**ACTIVITY:** Nothing in the copy should be a picture; everything else in the listing is to be restated exactly.

**INPUT DATA:**
========================

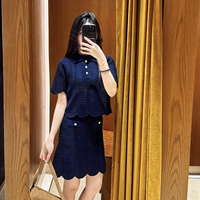 KD2447 Nouvelle Collection Été – Ensemble Chic Vert Vif de Luxe : Haut Polo Boutonné à Manches Courtes en Maille Ondulée et Mini-Jupe Élégante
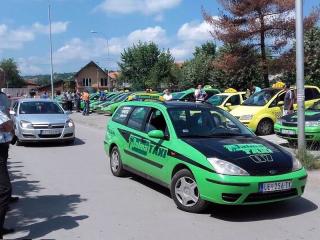 Protest taksista Leskovac foto D.M.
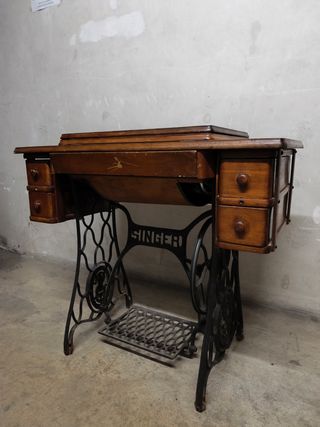 Máquina de coser Singer antigua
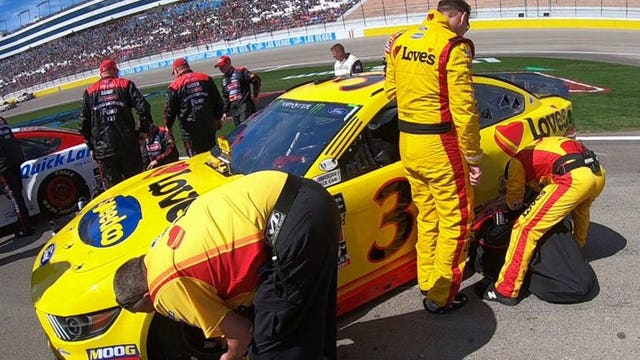'It's a rush:' NASCAR pit crew members ready to jump into action as soon as car hits pit road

========================

**RESPONSE TO THIS EXERCISE:**
 KD2447 Nouvelle Collection Été – Ensemble Chic Vert Vif de Luxe : Haut Polo Boutonné à Manches Courtes en Maille Ondulée et Mini-Jupe Élégante
 Protest taksista Leskovac foto D.M.
 Máquina de coser Singer antigua
'It's a rush:' NASCAR pit crew members ready to jump into action as soon as car hits pit road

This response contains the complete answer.